My orders were to arrive at my daughter's house by 11:30 on Saturday.  And bring something decent to wear.  Well, OK.  She knows me - "something decent" means "clean and unstained and not a t-shirt".   Done, and turns out surprise is a matinee at the Hippodrome in Baltimore.  We're addicted to this place - for those who have never been, it's a spectacularly renovated vaudeville theater originally built in 1914:

For more pics go to this a renovation blog
The show - "South Pacific", splendidly done.  As a reviewer wrote, the music from this show is virtually coded into our DNA, but it is just as fresh in this revival as when it was first heard.




The show was followed by a spectacular dinner at Alchemy, where I had the duck breast special.


The reason behind matinee rather than evening show was the need for being in Canton by the harbor early for Tour du Port 2011.

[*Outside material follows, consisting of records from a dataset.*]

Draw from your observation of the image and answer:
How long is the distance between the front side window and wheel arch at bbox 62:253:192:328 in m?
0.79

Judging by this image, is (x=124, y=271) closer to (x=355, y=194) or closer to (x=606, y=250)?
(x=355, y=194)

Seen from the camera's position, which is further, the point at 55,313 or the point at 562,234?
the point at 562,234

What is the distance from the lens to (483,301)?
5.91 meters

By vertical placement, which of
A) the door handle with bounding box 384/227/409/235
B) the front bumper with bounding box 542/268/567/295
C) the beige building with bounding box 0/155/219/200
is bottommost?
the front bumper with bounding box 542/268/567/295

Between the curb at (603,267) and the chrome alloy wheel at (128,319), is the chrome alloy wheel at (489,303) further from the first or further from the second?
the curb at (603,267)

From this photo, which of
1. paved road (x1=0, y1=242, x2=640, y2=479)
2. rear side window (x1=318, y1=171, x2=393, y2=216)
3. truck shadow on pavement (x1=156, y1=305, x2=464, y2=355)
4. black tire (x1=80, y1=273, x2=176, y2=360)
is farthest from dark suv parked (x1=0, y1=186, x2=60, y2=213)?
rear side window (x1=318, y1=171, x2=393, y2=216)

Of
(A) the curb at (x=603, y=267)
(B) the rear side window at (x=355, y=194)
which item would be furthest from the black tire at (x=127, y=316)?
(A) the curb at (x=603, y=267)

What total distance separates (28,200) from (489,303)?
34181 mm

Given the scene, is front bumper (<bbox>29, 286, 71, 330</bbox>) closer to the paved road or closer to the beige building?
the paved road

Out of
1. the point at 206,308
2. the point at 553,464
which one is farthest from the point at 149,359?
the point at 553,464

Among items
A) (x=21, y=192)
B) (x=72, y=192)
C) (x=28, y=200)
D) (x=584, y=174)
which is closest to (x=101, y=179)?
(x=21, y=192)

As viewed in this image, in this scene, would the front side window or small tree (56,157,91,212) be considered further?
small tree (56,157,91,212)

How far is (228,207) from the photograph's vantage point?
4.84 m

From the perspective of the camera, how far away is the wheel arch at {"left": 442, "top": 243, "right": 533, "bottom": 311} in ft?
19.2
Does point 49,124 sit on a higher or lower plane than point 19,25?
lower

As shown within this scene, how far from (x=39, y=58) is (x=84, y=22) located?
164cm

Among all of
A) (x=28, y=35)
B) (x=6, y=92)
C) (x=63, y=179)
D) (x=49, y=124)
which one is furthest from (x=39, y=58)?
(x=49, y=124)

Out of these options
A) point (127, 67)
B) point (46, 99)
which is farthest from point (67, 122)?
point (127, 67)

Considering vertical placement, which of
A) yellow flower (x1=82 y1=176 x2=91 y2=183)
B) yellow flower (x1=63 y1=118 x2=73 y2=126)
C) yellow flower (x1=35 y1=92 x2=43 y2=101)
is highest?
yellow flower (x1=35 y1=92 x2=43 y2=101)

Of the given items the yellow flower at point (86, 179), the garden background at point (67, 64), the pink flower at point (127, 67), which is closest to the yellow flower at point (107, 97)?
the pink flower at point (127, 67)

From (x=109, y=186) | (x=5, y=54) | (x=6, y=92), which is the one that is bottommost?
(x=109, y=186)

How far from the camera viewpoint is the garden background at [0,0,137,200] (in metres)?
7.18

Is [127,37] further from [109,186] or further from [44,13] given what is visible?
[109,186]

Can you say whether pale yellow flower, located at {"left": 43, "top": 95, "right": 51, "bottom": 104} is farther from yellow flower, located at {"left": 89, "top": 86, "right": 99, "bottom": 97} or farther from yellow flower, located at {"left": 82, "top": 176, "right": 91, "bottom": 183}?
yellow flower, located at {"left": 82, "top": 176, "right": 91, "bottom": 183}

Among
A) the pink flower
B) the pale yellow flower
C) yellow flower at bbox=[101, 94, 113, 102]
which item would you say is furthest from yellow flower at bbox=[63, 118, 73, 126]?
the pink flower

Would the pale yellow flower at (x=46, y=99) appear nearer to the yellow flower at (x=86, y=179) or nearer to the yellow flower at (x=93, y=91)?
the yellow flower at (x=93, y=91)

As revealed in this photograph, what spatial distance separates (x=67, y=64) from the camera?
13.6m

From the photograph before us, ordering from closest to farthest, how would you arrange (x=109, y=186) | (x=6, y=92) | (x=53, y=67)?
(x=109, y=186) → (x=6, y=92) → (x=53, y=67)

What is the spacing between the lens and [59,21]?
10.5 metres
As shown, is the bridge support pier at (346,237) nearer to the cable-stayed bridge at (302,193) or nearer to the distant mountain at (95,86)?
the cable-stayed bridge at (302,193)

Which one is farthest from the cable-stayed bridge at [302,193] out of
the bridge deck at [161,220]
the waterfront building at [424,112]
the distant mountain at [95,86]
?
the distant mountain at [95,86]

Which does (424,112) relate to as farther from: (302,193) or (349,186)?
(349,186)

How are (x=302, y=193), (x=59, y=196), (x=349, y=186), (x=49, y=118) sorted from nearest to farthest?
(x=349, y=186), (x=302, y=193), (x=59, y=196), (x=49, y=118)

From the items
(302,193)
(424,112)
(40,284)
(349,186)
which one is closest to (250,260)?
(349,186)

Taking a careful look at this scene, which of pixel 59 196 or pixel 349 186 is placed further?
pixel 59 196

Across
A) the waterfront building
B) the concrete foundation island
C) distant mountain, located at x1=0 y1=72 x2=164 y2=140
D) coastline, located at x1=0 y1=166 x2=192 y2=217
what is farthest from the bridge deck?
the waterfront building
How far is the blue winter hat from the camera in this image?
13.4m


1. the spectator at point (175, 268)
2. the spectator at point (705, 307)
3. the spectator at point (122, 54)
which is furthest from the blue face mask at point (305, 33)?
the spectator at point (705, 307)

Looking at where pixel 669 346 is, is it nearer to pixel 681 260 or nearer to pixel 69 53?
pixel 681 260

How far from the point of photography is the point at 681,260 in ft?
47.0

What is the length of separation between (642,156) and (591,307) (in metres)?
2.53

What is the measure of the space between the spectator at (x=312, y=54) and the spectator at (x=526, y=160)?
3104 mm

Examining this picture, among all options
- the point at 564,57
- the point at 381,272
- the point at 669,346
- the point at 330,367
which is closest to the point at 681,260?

Riders select from a variety of ride lengths along marked routes through historic Baltimore:  Fells Point, Canton, Dundalk, all those neat little communities that the core of Baltimore is made up of.  Being Baltimore, there are sections where one prefers to pedal a bit faster and stay with a pack, but part of what makes the city so facinating is how fast you go from gritty slum to gentrified, rust belt to upscale. 

The city has so many icons in the harbor area:

The Domino's factory -


Natty Bo on Brewery Hill -


The onion domes of the Ukrainian Orthodox Church -


I admit - I stole most of those pics.  We opted for the 25 mile route, and having done the ride before I knew that I didn't want to carry a my camera, which isn't an itty bitty.  Baltimore's streets are a challenge to bike on - often decayed, potholed and uneven.  And that doesn't include the cobbled streets.  And hills.  People think that because it's by the water the topography is flat.  That would be a "No."  And turns out my gears need adjusting - not such a problem going down hill when I could coast and fiddle but a bugger on the long hauls up Federal Hill and up to Patterson Park. 

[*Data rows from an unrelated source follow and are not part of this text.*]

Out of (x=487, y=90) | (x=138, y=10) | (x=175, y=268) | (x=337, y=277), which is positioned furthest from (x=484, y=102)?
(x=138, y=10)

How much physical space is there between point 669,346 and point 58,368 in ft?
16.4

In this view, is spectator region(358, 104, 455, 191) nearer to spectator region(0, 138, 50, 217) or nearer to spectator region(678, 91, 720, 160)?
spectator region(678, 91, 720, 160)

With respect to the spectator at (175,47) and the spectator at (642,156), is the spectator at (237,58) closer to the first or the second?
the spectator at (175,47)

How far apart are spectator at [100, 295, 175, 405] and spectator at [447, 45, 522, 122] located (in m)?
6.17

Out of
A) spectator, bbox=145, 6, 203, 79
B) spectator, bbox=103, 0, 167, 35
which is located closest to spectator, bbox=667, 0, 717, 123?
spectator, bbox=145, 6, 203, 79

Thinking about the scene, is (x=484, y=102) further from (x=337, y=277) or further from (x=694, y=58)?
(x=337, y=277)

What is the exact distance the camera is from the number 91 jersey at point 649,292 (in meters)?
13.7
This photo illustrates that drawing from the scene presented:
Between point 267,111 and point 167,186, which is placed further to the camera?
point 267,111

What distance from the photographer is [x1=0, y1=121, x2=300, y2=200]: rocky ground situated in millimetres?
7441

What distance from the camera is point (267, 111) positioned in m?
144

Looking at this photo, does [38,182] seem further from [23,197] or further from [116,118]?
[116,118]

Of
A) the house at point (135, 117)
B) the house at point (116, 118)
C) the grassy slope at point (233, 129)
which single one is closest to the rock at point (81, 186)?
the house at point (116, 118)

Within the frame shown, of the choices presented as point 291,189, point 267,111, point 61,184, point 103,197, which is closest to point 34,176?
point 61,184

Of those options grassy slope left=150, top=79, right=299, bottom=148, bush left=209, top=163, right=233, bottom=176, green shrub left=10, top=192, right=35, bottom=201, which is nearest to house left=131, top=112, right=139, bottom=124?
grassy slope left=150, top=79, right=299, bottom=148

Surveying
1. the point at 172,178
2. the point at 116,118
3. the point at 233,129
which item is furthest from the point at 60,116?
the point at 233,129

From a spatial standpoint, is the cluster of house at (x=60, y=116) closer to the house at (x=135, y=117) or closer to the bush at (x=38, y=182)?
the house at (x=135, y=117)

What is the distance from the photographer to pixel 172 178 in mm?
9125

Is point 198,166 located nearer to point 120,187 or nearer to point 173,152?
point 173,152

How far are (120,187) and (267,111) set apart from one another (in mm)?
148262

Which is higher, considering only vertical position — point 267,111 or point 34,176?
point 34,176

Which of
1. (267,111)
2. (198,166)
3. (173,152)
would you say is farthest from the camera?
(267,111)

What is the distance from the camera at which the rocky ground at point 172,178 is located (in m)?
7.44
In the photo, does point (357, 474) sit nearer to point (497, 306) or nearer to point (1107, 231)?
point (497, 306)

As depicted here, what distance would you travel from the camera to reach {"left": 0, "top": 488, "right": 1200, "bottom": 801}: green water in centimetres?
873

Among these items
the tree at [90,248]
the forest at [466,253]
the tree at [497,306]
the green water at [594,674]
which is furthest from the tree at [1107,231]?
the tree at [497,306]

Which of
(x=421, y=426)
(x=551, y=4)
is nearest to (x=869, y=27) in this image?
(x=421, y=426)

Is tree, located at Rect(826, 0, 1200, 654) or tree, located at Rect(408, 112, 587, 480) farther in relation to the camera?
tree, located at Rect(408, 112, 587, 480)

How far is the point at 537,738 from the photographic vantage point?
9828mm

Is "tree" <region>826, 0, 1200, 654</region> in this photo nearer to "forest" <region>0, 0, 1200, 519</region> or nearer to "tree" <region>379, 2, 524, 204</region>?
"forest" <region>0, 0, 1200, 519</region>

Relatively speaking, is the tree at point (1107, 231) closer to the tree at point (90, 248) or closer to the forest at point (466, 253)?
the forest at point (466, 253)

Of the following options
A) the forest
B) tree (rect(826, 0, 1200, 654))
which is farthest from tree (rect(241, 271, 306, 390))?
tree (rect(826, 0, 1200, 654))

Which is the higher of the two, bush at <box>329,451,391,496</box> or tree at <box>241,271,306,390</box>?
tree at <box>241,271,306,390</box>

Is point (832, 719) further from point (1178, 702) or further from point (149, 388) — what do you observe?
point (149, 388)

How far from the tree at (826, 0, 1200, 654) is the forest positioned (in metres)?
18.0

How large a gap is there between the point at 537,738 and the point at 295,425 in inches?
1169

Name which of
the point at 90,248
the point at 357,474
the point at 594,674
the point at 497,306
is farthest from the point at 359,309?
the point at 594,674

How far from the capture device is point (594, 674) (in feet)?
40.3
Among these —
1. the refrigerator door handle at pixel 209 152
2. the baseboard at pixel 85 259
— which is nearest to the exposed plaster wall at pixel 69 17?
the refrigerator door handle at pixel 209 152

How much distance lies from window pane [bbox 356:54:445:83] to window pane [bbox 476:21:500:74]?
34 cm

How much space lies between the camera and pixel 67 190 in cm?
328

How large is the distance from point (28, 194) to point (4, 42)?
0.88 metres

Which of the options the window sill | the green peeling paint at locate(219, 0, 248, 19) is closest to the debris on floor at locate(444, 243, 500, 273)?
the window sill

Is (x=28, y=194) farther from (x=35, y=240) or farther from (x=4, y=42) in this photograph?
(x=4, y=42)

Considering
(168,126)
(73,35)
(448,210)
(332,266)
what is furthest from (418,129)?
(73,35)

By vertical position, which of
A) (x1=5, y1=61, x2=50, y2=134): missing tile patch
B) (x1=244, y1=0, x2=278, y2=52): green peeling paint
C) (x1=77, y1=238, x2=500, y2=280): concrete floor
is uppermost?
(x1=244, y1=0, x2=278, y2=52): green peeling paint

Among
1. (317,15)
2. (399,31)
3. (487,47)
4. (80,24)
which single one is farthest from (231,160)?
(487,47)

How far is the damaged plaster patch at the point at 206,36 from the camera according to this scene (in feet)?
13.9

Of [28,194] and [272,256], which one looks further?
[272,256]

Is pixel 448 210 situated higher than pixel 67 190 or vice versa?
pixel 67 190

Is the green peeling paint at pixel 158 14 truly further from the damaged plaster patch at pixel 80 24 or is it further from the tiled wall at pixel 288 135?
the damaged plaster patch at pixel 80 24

All went well for about 24 1/2 miles.  Then, within sight of the end, my daughter misjudged a curb and took a dandy tumble, taking a chunk out of the end of her bike seat as well as several out of herself.



So we limped back together, found the first aid table and cleaned as much of Baltimore city grit out as we could.  It was too beautiful to go home, though, so the afternoon was spent poking around Fells Point, having another excellent meal (seated outside - I could barely stand sitting beside stinky, sweaty self let alone ask a restaurant patron to do so), this time at Mezza, a tapas place.

Baltimore has a lot of problems, serious ones.  But it is a city full of character and history, art museums and parks, theater venues, and restaurants worthy of the foodie culture.  Whether it's Honfest, the Kinetic Sculpture Race, or a music concert going on in some church basement, there's always something going on, and I love to visit with my daughter and wander it with her.  But she won't let me drive - she says I scare her.